Isso, muito sério nos países do socialismo, vamos dizer; soviéticos, vamos chamar assim. Não só a Rússia, mas também os satélites, onde havia uma espécie de moralismo em que o trabalhador que produz determinada coisa deveria receber de volta o todo daquilo em forma de salário. O problema é que se você não retirar uma parte disso, e não fizer investimentos de capital, você não vai ter renovação das fábricas, não vai ter tecnologia nova… O problema do termo excedente é que ele fica ecoando excessivo. E onde é que você devia ter parado de trabalhar, para não ser explorado? É bem simples, sabe?
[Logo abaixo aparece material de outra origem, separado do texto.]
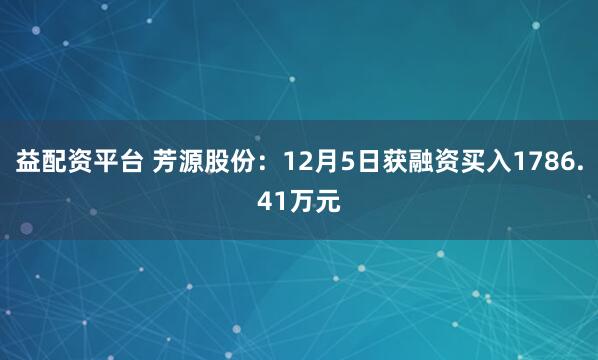益配资平台 芳源股份：12月5日获融资买入1786.41万元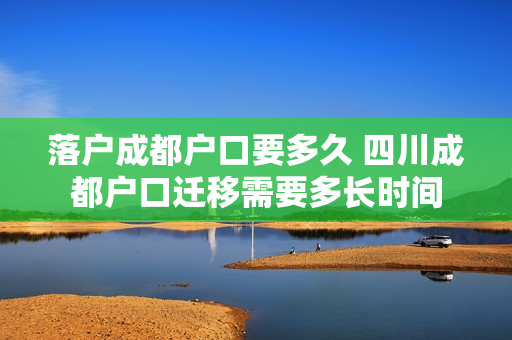 落户成都户口要多久 四川成都户口迁移需要多长时间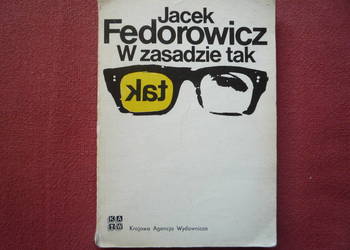 W zasadzie tak. Satyra Rzeczywistość PRL. Jacek Fedorowicz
Então a gente preferiu uma tradução literal: mais-produto, mais-trabalho. E daí mais-valor. E mais-valia. A partir desses conceitos, passamos a discutir quais eram os critérios gerais de tradução. Na primeira edição, eu tinha proposto que a gente fizesse discussão teórica. Como os outros eram economistas, e eu era teórico literário, fiz apresentação dos critérios de tradução.
O que envolve o problema da equivalência dos termos de uma língua para a outra. Muitas pessoas acreditam que as línguas dividem a realidade do mesmo modo. E a gente percebe que a realidade é dividida de modos diferentes. Mas qual é o critério? Como vai diferenciar? Geralmente é em função do fazer coletivo daquela comunidade. O que procurei apresentar é que não havia nenhuma equivalência exata, nenhuma desequivalência; havia um critério desses processos todos.
A partir da releitura e da revisão que acaba de fazer do texto, o senhor entende que as reflexões de O Capital continuam tendo mantida sua plena atualidade?
Sim, porque a estrutura básica do processo capitalista continua sendo basicamente a mesma. Então, quem apreendeu essa essência do capitalismo foi o Marx, em O Capital. Claro que ele poderia ter desenvolvido várias outras coisas se tivesse tido condições para isso. Porque Marx era bastante pobre, e estava no exílio na Inglaterra.
Então, sobrevivia escrevendo artigos para jornal e também com a ajuda que o Engels deu para ele, vendeu a fábrica do pai e também ajudou o Marx nos momentos necessários.
Marx tem uma passagem em que diz: nunca ninguém escreveu tanto sobre dinheiro tendo tão pouco. Ele tinha forte formação filosófica, tendo Hegel por referência. Foi um grande estilista. Então, quando você vê por que ele usa tal e tal termo e não outro, sempre tem uma boa lógica linguística para a coisa toda. E, às vezes, tem citações indiretas ou diretas. Ele era um homem muito culto.